How to even begin with this ... a true classic, the film that launched a Japanese auteur onto the world stage, an utterly unique experince, still shocking seventeen years later, Shinya Tsukamoto's Tetsuo: The Iron Man is a gripping, utterly unique piece of cinema. Love it or loathe it you absolutely cannot ignore it. This is one of the defining moments for 'Asian Extreme' cinema and it is fitting that Tartan Video has given it a new and much improved life with their new Tartan Asia Extreme DVD release.
A film that defies easy summary Tetsuo was the first feature, albeit a rather short one, from director Shinya Tsukamoto. In its incredibly dense sixty seven minutes it contains all the images and themes that have defined Tsukamoto ever since: gender relations, the numbness of workaday life and, most particularly and intensely, the dehumanizing effects of technology and our perverse love/hate relationship with it are all in full effect. This is a film that will chew you up and spit you out. It is an exhilerating, gruesome, at times repulsive ride, every bit as powerful now as it was when it first hit screens.
Fascinated by the dehumanizing effects of technology Tsukamoto crafted Tetsuo into the seminal cyber-punk / post human / body mod film. It tells the story of Tetsuo, a young salaryman slowly transforming into metal for reasons he cannot understand or control. Despite his struggles against it the transformation continually accelerates, drawing more and more fragments of metal to him and grafting them into his flesh until he inevitably mutates into a massive metallic beast. While Tetsuo struggles against his own transformation another young man is trying to cause his own, slicing himself open to graft metal rods and bars onto his bones wanting nothing more than the exact sort of transformation that is rapidly overtaking Tetsuo against his will. When the two meet for a final, climatic battle it is as though Tsukamoto is pitting the twin forces of attraction and repulsion against each other on screen: technology molds us and shapes us in ways that we both desire and despise but the process is inevitable.

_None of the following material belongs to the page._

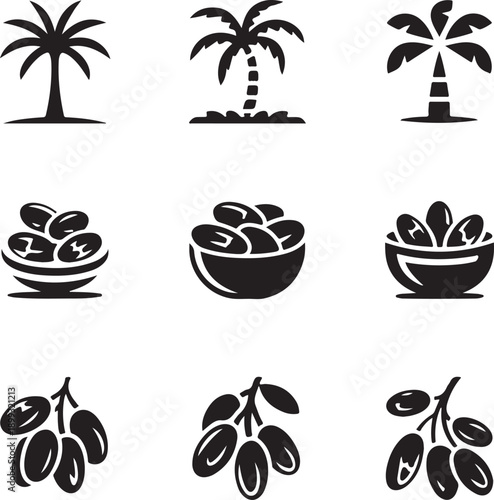 A Bountiful Silhouette of Ramadan Dates - Embracing the Spirit of Generosity - Illustration of Ramadan Dates - Ramadan Dates Vector - Ramadan Silhouette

On first viewing Tetsuo can feel like an exercise in style over substance but that is only because Tsukamoto is not at all concerned with narrative here. This is a film about impulse, desire and force, meant to be felt more than understood in any sort of narrative sense. It is clearly not a film for all audiences - many will find the images too unsettling and disturbing - but Tetsuo has cast a long, long shadow and is an undeniable, although very strange, classic.
So, what of this new edition? Calling it a Collector's Set is a bit of a misnomer as that label is generally put on releases packed to the gills with features and, frankly, there are none here. This edition includes trailers of some other Tsukamoto titles and a solid cast and crew biography page but nothing else in terms of extra features. What it does include is a beautiful new transfer and a punched up sound mix. Considering the shoddy video quality of previous Tetsuo DVD releases, particularly in the face of Tsukamoto's breath taking black and white cinematography, the remastered video is a HUGE calling card for this edition. While I haven't seen every edition of Tetsuo out there I have seen a few of them and this is by far the best the film has looked on DVD, enough of an improvement that it is well worth upgrading to this edition if you have the earlier R1 release or one of the Asian imports. While Tartan has included the original mono soundtrack for the purists they've also included new 5.1 and DTS mixes that give the abrasively industrial soundtrack some welcome kick.
If you're a fan of experimental film, a fan of Lynch or Cronenberg, a fan of cyberpunk, then Tetsuo is pretty much required viewing and this, simply, is the version to view. A broader feature set would be nice, yes, but that is secondary to the film itself and Tartan has hit it out of the park where that is concerned. Very highly recommended.